Canapés improvisados con resquicios de la nevera. De primero una ensalada. De segundo me endulzas. Y de postre, una infusión de mordiscos.

-¿Con dos de azúcar?
-Que sean tres.

Hoy la siesta no es para dormir. Hoy la siesta es una fiesta y desconectas el móvil cuando un número desconocido te quiere hablar, seguramente de temas empresariales o burocráticos.

Por la tarde, la música a todo volumen y la persiana a medio bajar. Fumamos la pipa del “te voy a dar guerra”. Bocadillo de chocolate y un gran vaso de leche a la hora de la merienda, como cuando éramos críos y salíamos a la calle a jugar hasta que la calle se oscurecía y las madres empezaban a ver secuestradores y pederastas por doquier.
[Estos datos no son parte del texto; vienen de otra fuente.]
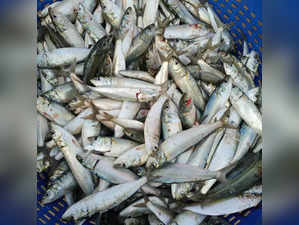 Marine scientists unearth genome secrets of Indian oil sardine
Avanza la tarde suave de la mano del drama infumable que ponen en la televisión.

-¿Quién era esa? ¿La madre o la novia?
-La asesina.
-¿No se había suicidado?
-No prestas atención: fingió su suicidio, cobró el seguro de vida, pasó una temporada en Las Vegas y luego lo mató.
-Ah…

Luego paseamos bajo el paraguas aunque ya no llueve más, con las botas de goma salpicando en cada charco y un helado en pleno invierno cuando ya bosteza el sol.

­-¿Llevas tú el bono? Porque el mío lo he perdido.- Rebuscas en el enorme saco que llevas por bolso y niegas con la cabeza.- ¿Tampoco dinero suelto?
-Tampoco.

Así que salimos del apuro de colarnos en el metro cuando el guardia se tropieza con los cordones de los zapatos. No te rías tanto, que nos van a oír y van a querer ser tan felices.
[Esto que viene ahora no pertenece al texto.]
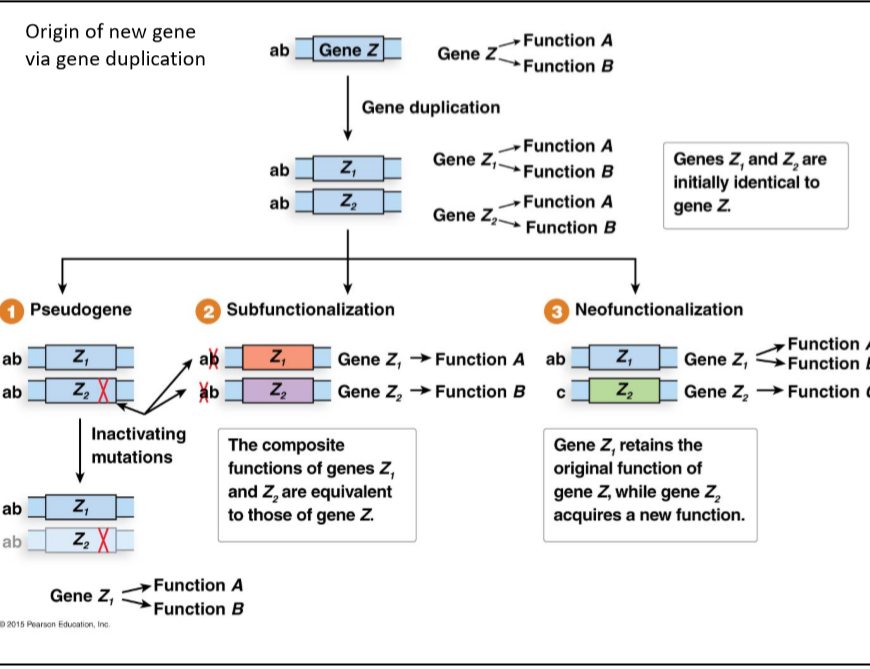 Origin of new gene
via gene duplication
Function A
Gene Z
ab
Gene Z
Function B
Gene duplication
Function A
Genes Z, and Z, are
initially identical to
gene Z.
Gene Z,
Z,
ab
Function B
Z,
Function A
ab
Gene Z,
Function B
2 Subfunctionalization
3 Neofunctionalization
Pseudogene
Function
ab z,
z, X
z,
Gene Z,
Gene Z, → Function A
ak
Z,
ab
Function A
Z,
Z,
Gene Z, → Function c
ab
Gene Z, → Function B
Inactivating
Gene Z, retains the
original function of
gene Z, while gene Z,
acquires a new function.
The composite
functions of genes Z,
and Z, are equivalent
to those of gene z.
mutations
ab z,
z, X
ab
Function A
Gene Z,
Function B
2015 Pearson Eduoalion, Ino.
-¡Agua, agua, que ya se ha levantado!
-Pues venga, corre, pero no te pares, que vuelve a perseguirnos con un mocasín en la mano.

Corremos de la mano acompañados del estruendo de los zapatos. Salimos sofocados de las entrañas de Madrid ante miradas atónitas de guitarristas ingleses y de señoronas forradas con piel animal.

A la salida del cine tu camisa tiene sueltos dos botones más. Y tú tienes los ojos más negros. Y la nariz más bonita. Te quito una palomita que ha quedado en tu bufanda. ¡Esta era para mí!

-Pero la próxima película la elijo yo, que esta era un auténtico bodrio.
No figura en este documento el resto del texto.